▶ **Required action**
No pictures, nothing altered: return the data below.

[Image-caption web data]
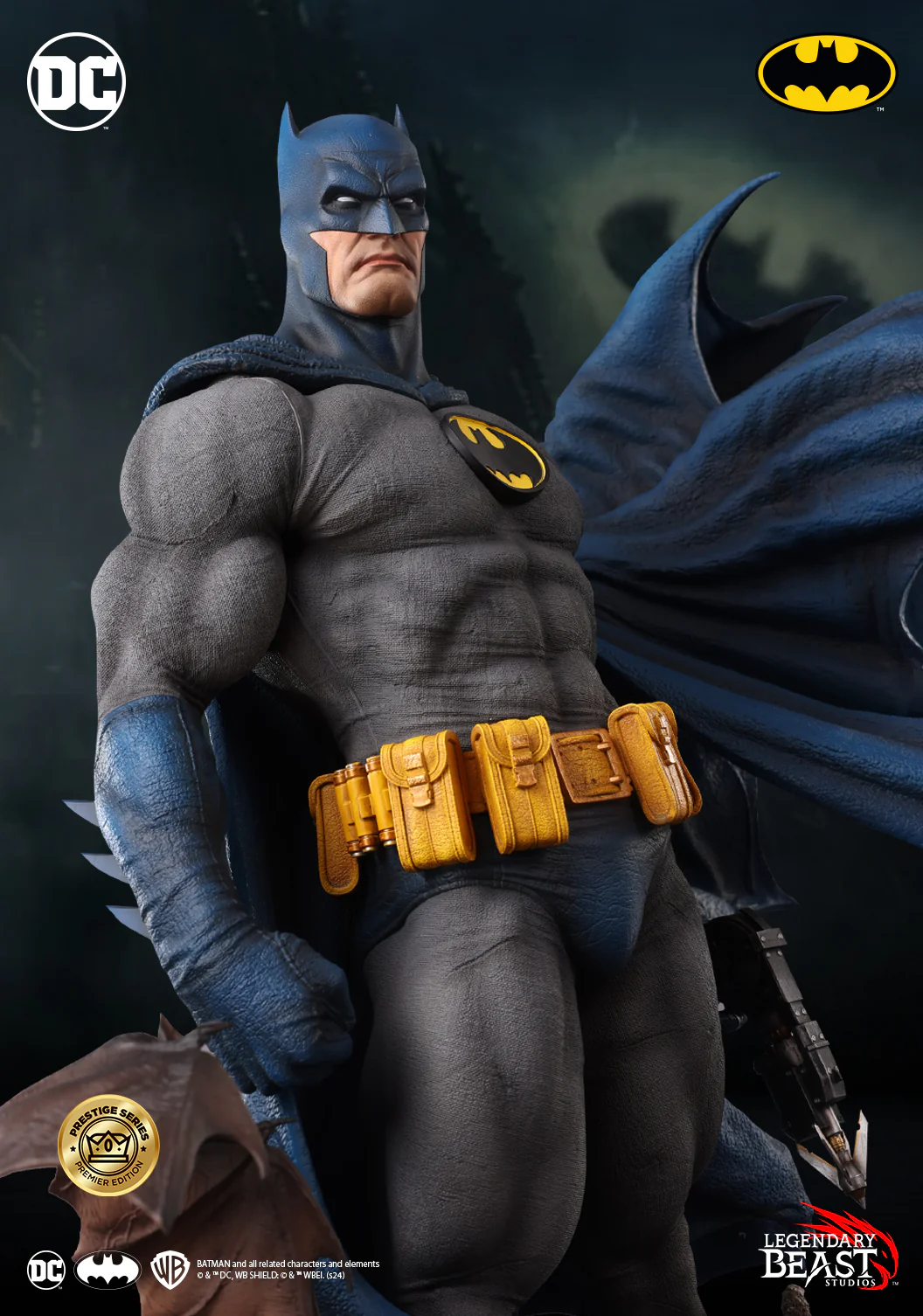 Product image 31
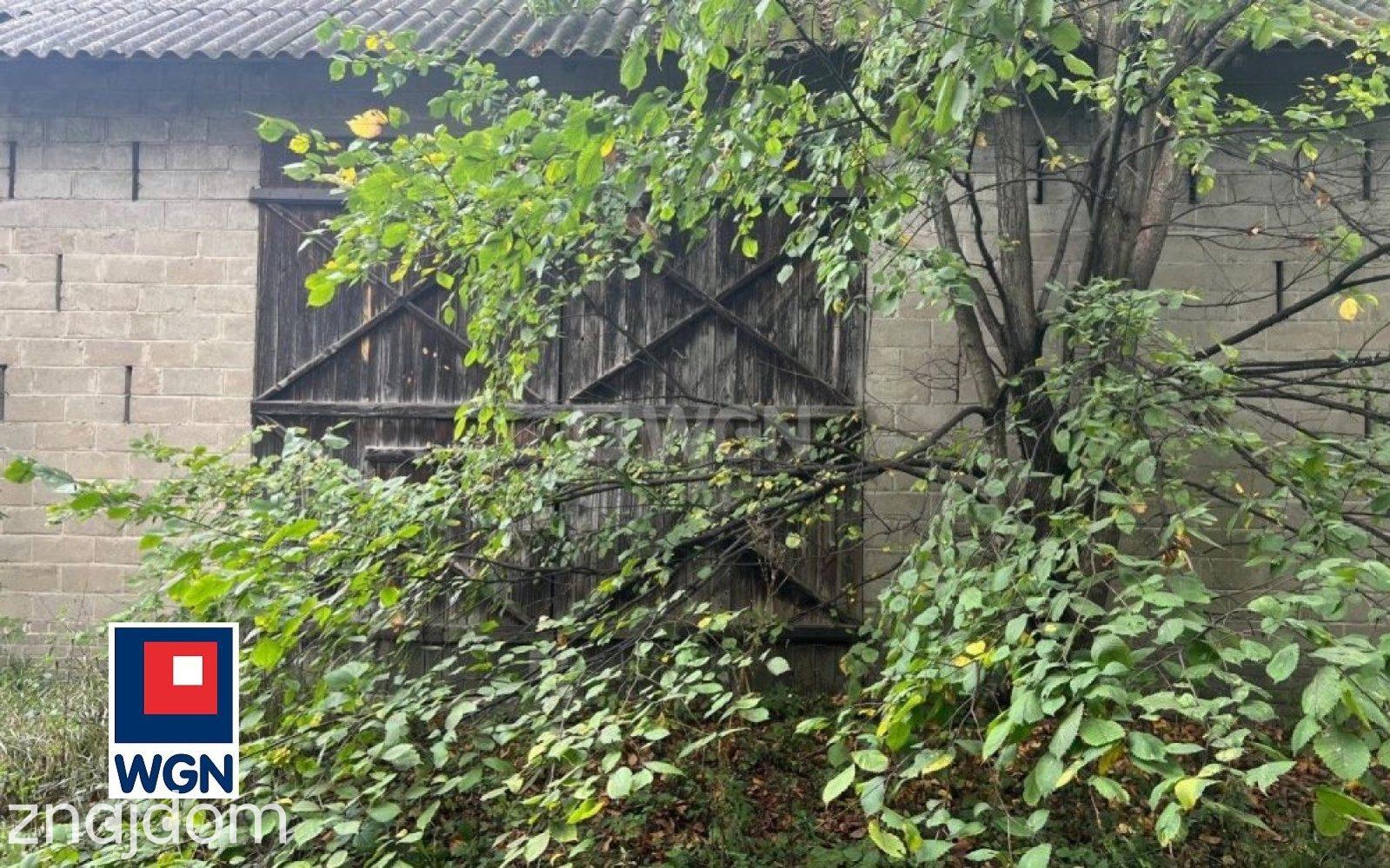 Dom na sprzedaż Soborzyce - zdjęcie 7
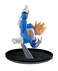 Banpresto Dragon Ball Z 51 Super Vegeta Figure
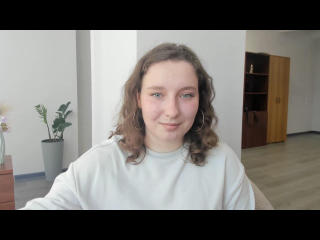 KlarisiaLive Webcam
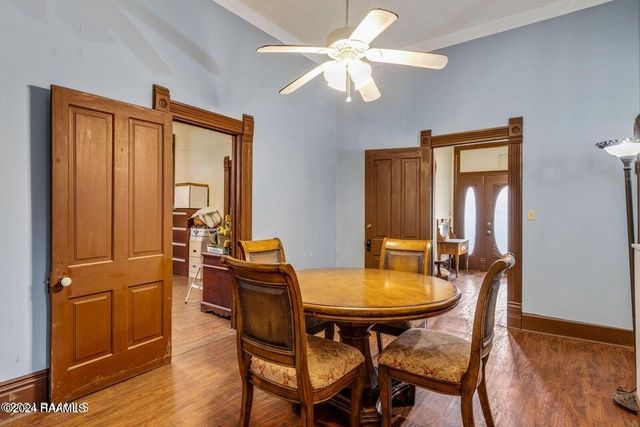 313 S Market Street, Opelousas, LA 70570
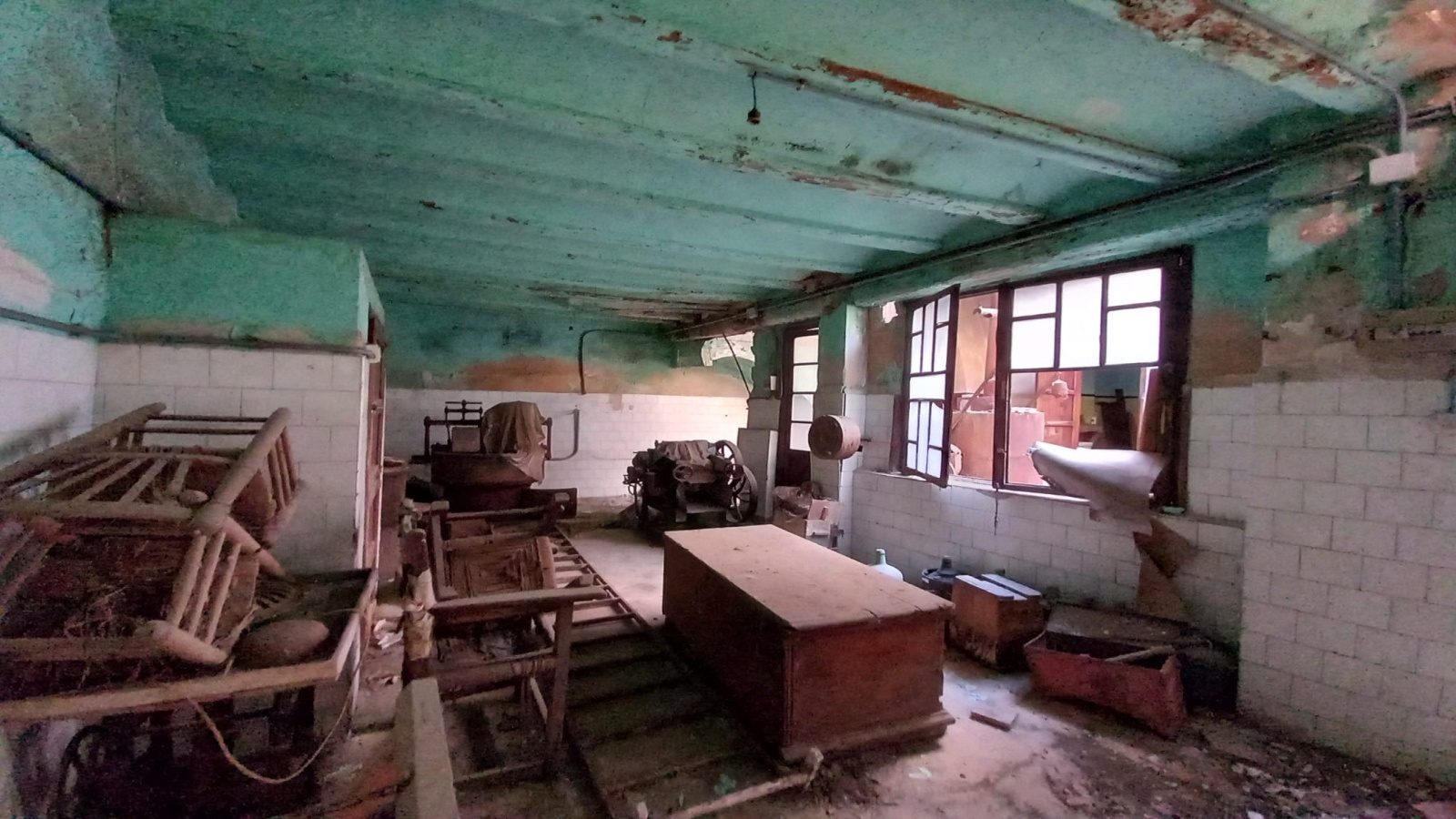 INMOBILIARIA MIES VENDE EN TORRENTE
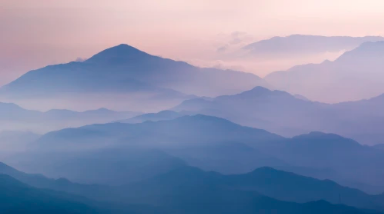 开云体育集团介绍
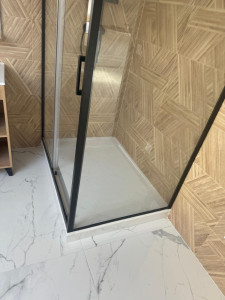 Photo de galerie - Plomberie - Installation sanitaire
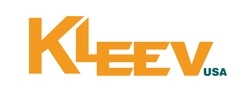 KLEEV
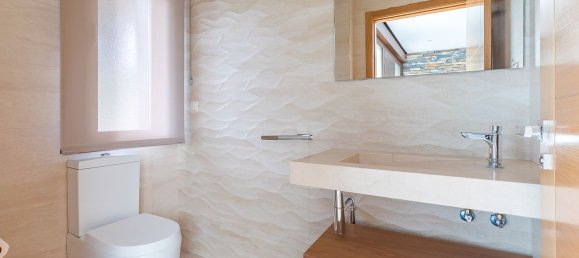 7 chambres Maison à Villaviciosa de Odon, Spain No. 164653 21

▶ **Written response**
 Product image 31
 Dom na sprzedaż Soborzyce - zdjęcie 7
 Banpresto Dragon Ball Z 51 Super Vegeta Figure
 KlarisiaLive Webcam
 313 S Market Street, Opelousas, LA 70570
 INMOBILIARIA MIES VENDE EN TORRENTE
 开云体育集团介绍
 Photo de galerie - Plomberie - Installation sanitaire
 KLEEV
 7 chambres Maison à Villaviciosa de Odon, Spain No. 164653 21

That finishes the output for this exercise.